Public Goods and the Public Good: Economics, the University and the Library
I will offer reflections and speculations on the circumstances and prospects of universities (especially public flagships). How are we to understand the changes in the technical and political environments that seem to be putting the quality of U.S. public universities at risk, and what might we do about it? Answers to both of these questions will be incomplete and speculative (as we would expect from an experienced administrator) and will be informed by my experience as an economist, a provost, and a university librarian. The university librarian part turns out to be more important than one might think a priori, because changes in information technology and associated markets become apparent in the library before they become apparent in the Dean’s office. I hope to stimulate vigorous discussion of these and related matters. And I might also talk a little about the phenomenon that is known as grade inflation.
Paul N. Courant is the University Librarian and Dean of Libraries at the University of Michigan. He is also Harold T. Shapiro Collegiate Professor of Public Policy, Arthur F. Thurnau Professor of Economics, Professor of Information, and Faculty Associate in the Institute for Social Research at the University of Michigan. From 2002-2005 he served as Provost and Executive Vice-President for Academic Affairs, the chief academic officer and the chief budget officer of the University.

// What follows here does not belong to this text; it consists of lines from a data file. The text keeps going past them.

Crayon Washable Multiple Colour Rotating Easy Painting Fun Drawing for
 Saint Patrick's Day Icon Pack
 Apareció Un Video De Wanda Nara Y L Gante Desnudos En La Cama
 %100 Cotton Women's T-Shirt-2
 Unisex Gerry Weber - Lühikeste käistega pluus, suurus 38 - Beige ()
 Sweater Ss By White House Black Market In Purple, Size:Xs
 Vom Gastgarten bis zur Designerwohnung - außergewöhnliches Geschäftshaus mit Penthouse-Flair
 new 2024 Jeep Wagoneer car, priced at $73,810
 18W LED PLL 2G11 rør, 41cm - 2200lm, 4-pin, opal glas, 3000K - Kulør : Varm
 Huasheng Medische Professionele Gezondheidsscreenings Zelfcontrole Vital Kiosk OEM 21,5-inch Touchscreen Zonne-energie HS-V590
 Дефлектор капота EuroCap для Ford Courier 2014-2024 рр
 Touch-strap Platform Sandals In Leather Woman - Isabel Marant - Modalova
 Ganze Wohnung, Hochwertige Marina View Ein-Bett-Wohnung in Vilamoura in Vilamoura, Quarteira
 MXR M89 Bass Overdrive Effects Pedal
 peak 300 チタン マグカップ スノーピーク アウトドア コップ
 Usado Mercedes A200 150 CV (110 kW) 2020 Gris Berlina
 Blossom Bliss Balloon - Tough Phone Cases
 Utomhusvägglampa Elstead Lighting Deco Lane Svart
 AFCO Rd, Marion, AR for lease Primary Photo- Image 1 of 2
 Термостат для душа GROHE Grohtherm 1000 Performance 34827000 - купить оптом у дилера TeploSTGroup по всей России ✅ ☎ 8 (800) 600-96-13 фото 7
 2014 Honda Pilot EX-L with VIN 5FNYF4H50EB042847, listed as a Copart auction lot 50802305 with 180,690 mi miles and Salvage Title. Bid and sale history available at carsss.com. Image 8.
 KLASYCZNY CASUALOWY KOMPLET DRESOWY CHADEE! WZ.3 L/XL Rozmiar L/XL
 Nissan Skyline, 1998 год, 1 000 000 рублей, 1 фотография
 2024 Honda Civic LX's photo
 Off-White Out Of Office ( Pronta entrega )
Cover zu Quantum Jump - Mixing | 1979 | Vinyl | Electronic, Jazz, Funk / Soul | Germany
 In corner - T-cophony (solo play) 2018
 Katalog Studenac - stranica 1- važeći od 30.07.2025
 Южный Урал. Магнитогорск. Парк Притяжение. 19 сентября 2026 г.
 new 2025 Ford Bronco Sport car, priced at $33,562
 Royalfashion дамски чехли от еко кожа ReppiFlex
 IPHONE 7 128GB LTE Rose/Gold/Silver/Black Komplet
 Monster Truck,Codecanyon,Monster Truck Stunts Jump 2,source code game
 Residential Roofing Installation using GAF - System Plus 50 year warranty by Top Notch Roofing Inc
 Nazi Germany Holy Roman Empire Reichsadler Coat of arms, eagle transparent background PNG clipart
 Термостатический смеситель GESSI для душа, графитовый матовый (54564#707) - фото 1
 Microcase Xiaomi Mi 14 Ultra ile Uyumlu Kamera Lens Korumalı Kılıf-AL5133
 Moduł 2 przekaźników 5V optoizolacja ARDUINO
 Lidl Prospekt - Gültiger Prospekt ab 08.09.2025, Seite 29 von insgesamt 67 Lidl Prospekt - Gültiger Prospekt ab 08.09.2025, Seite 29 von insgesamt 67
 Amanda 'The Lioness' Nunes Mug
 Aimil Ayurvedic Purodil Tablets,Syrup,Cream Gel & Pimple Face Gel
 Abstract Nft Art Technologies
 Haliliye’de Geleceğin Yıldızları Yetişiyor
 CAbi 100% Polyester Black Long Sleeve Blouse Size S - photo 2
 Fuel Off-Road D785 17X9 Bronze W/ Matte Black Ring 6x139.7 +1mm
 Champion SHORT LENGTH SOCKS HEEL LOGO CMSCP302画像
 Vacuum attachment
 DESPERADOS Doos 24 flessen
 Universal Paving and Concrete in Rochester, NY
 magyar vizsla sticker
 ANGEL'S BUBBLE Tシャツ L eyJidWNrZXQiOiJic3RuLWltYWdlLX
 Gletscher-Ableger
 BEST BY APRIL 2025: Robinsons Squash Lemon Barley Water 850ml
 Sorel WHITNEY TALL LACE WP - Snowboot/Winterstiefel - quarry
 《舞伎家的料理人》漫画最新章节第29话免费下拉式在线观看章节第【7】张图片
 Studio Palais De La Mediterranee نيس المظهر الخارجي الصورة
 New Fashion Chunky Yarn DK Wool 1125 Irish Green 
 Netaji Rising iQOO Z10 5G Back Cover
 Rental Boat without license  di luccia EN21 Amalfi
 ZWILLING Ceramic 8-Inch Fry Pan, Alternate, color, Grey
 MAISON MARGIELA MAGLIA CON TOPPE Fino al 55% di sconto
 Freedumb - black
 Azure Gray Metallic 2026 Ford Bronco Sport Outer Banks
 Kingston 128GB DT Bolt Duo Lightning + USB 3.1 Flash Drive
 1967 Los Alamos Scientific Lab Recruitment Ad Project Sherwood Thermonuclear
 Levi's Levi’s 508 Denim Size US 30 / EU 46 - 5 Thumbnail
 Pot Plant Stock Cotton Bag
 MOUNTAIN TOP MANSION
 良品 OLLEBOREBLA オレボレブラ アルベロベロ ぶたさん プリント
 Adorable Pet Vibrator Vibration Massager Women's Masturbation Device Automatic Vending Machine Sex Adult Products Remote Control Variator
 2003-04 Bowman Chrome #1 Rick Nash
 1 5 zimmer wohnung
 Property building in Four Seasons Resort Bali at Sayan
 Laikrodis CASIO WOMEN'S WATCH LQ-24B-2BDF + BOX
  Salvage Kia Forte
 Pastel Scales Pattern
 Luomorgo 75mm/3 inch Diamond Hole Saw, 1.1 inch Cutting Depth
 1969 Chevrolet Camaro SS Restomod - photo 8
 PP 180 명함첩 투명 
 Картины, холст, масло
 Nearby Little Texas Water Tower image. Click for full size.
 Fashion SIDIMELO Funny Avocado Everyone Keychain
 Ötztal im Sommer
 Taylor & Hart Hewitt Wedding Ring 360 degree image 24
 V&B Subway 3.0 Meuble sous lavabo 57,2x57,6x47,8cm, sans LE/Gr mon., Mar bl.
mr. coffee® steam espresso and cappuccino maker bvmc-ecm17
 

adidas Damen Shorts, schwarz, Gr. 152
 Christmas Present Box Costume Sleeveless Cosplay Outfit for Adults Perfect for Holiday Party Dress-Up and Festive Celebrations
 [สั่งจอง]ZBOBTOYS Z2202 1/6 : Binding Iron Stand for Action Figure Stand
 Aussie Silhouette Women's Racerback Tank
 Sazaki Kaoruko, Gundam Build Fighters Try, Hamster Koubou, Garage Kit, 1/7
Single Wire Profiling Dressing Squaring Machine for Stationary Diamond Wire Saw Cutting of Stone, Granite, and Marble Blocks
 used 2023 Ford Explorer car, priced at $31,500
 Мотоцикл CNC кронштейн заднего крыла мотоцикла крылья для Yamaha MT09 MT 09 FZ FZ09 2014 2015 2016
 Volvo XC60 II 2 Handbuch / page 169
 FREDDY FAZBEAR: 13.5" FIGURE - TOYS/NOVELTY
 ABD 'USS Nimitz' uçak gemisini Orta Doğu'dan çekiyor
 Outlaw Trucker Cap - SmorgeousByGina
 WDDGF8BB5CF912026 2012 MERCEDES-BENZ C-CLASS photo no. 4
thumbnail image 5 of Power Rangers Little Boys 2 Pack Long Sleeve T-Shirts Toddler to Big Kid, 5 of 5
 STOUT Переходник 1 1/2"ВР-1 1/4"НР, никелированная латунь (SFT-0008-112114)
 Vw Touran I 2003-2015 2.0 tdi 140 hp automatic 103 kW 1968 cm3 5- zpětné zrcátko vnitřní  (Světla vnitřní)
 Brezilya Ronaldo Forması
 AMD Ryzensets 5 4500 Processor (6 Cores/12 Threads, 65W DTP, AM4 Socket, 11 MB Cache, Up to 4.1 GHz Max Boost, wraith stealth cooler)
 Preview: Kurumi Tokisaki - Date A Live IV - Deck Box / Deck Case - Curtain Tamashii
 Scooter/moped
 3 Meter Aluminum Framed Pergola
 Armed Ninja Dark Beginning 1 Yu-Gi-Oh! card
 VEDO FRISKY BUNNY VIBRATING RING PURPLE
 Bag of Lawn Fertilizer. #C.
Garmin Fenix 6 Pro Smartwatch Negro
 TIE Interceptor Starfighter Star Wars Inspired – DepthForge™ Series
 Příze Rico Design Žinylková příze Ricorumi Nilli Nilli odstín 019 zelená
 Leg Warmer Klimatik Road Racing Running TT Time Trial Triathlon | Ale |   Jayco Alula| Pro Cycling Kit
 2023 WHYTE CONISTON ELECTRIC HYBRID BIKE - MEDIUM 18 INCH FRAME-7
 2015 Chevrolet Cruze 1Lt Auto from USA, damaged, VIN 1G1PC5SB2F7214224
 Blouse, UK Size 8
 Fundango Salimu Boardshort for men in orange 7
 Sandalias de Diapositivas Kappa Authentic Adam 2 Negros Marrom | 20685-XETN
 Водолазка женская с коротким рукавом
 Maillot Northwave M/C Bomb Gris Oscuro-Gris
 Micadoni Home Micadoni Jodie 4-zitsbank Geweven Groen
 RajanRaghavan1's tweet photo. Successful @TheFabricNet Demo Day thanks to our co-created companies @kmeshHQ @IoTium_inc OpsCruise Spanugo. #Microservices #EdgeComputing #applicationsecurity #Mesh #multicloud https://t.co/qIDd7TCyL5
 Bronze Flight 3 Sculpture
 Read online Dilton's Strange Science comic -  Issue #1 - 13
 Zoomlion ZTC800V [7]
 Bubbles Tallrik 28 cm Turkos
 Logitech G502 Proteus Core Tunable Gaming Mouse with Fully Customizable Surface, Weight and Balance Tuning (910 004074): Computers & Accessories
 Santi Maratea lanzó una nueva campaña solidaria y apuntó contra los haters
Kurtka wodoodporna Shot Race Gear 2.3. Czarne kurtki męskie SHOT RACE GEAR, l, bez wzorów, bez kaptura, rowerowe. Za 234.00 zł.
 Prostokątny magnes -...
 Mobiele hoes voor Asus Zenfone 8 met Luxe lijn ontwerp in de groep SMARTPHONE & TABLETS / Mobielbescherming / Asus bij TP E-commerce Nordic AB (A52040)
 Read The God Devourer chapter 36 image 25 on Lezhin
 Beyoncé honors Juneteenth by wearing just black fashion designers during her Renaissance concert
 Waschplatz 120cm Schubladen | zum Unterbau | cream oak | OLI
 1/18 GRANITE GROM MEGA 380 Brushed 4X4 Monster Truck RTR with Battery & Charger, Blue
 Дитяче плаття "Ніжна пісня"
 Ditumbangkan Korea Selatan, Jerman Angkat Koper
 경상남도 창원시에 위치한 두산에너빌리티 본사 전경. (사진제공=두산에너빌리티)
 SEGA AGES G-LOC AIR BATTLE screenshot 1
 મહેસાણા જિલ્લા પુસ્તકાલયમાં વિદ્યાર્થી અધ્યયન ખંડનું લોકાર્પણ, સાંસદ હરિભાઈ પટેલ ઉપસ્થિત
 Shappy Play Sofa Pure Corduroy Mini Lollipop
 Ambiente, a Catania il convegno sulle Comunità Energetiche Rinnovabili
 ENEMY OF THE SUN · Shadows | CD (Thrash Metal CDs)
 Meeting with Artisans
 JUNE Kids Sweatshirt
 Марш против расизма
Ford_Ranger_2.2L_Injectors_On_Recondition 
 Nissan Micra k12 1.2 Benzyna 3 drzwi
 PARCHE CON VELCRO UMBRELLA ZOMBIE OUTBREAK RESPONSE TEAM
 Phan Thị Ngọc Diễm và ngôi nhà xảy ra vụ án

He has also served as the Associate Provost for Academic and Budgetary Affairs, Chair of the Department of Economics and Director of the Institute of Public Policy Studies (which is now the Gerald R. Ford School of Public Policy).
Courant has authored half a dozen books, and over seventy papers covering a broad range of topics in economics and public policy, including tax policy, state and local economic development, gender differences in pay, housing, radon and public health, relationships between economic growth and environmental policy, and university budgeting systems. More recently, he is studying the economics of universities, the economics of libraries and archives, and the changes in the system of scholarly communication that derive from new information technologies.
Paul Courant holds a BA in History from Swarthmore College (1968); an MA in Economics from Princeton University (1973); and a PhD in Economics from Princeton University (1974). He rides a BMW R1150R motorcycle.